Page’s urgency was pragmatic, but that’s not where Robert Plant’s and John Bonham’s energy came from. They were younger than Page and John Paul Jones, and were effectively set loose on the material. Page charted the course of the delicate quietLOUDquiet dynamic on “Babe I’m Gonna Leave You,” but it’s Plant’s wailing that takes that song to its unholy level. Page had “Dazed and Confused” in mind as a set centerpiece, with its bowed guitar histrionics, but listen again to when that song takes off — it’s when Bonham comes crashing in as no drummer before him had. If Keith Moon was a howitzer, Bonham was a tank — thundering, booming, relentless. The sound that came off his drums still doesn’t sound like it belongs of this world. What to think, then, when this shuffled into record stores in January of 1969?
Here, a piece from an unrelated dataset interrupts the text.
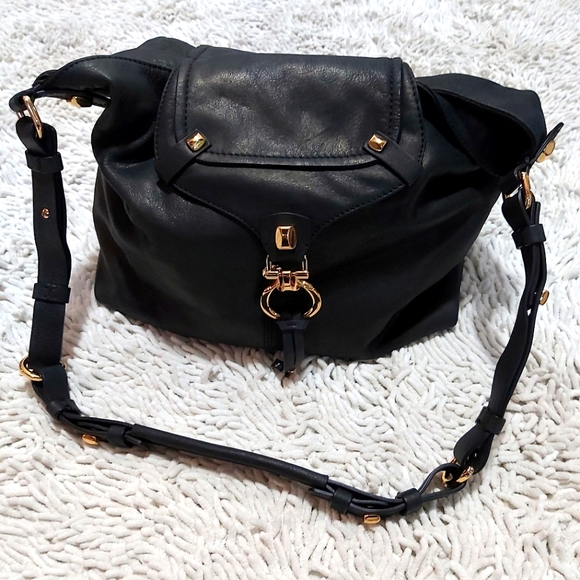 Francesco Biasia black leather purse - Picture 1 of 9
And that leads to another fascination. Hearing and devouring and obsessing over all this music in 1996 or ’97 was enough to flatten me for the next two decades. But that comes with context — I was already aware of all the hair metal bands that tried their best to be a dolled-up version of Zeppelin, and there were other bands I already loved — Soundgarden, for one — who had been clearly influenced by them and turned their experience into real art.
In its time, though, this had to have been a stunner. The Jimi Hendrix Experience, Cream, one Jeff Beck album and a few heavier, albeit less recognizable, bands out of San Francisco had begun blazing a path towards heavy music. Still, this album blew those heavy doors off its hinges. It starts with the twitching, opening shot on “Good Times Bad Times” and exits with the unhinged, collective howl of all four musicians on “How Many More Times.”
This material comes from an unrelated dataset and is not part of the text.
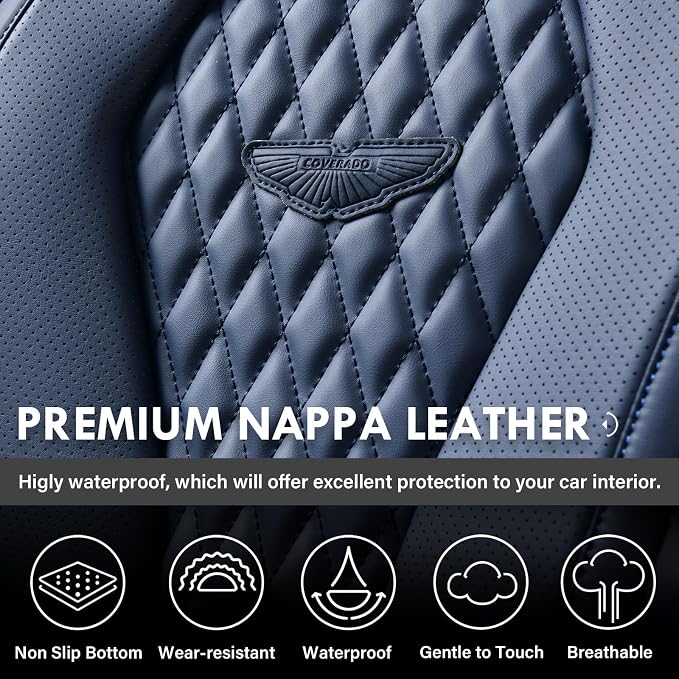 Universal Seat Covers — Full Set — Blue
Underscoring that heaviness is, again, how delicate they could be. Page owes a lot to Bert Jansch on the instrumental interlude “Black Mountain Side,” and those open-tuning guitars and tabla drums showed that they weren’t just volume-dealing hooligans trying to crash the record industry. It also set up a perfect juxtaposition by leading directly into the delirious “Communication Breakdown.”
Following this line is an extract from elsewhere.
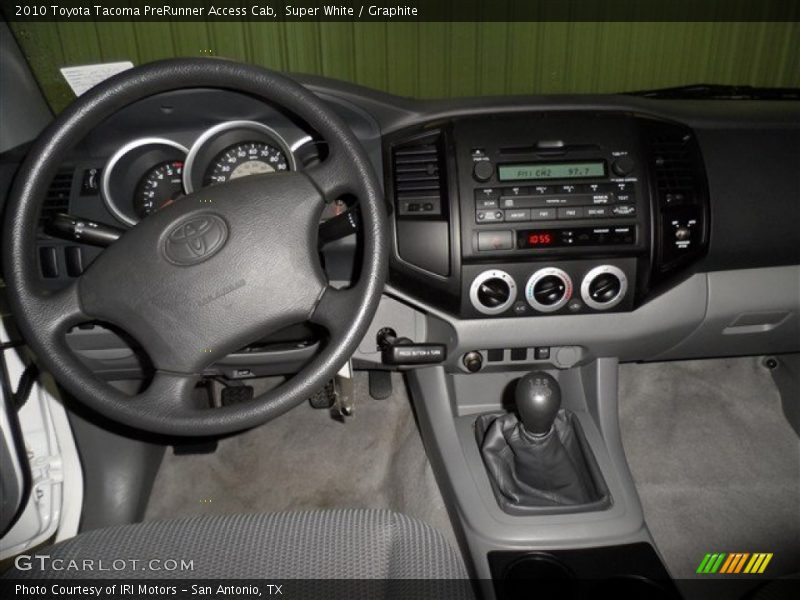 Super White / Graphite 2010 Toyota Tacoma PreRunner Access Cab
Those moments are all over the record. Jones’ organ haunts and then gradually floats at the beginning of “Your Time Is Gonna Come,” only to crash into a Bonham-propelled introduction proper. Both blues numbers, “You Shook Me” and “I Can’t Quit You Baby,” see the band playing with dynamics in a live setting, bringing it down only to rip it back up again. And they bring it on home with “How Many More Times,” which blended everything together in one last mission statement for the album in micro and band at large. Through eight and a half minutes, the band marches through every weapon they have — muted jazz intros, thundering riffs, wailing vocals, marching drums, crashing stop/starts, bowed guitar mayhem, blues tropes, tales of conquest and woe, more drums, more bass, more guitars...
And there it is. It’s not hard and likely not even incorrect to campaign for the fourth album or Physical Graffiti as the band’s apex, or perhaps a singular track, like “Achilles Last Stand” or “Immigrant Song,” as the one that best illustrates the band. But nearly everything was there on their first album, even if it was just a seed for what was to come.
Fifty years ago today, the near totality of Led Zeppelin — or at the very least, a better-than-average blueprint of what would be — was unleashed on the public. Nearly 30 years later, I found them. And 20 years after that, they’re still crashing through speakers. There’s a weight to the best music that never dissipates or weakens. Grab a copy of Led Zeppelin and play it as loud as you can, and then play it again, and then try to walk away the same person. The four young men who made the album didn’t walk away from that music the way they walked in. It only stands to reason that the world would still be reeling all these years later, too.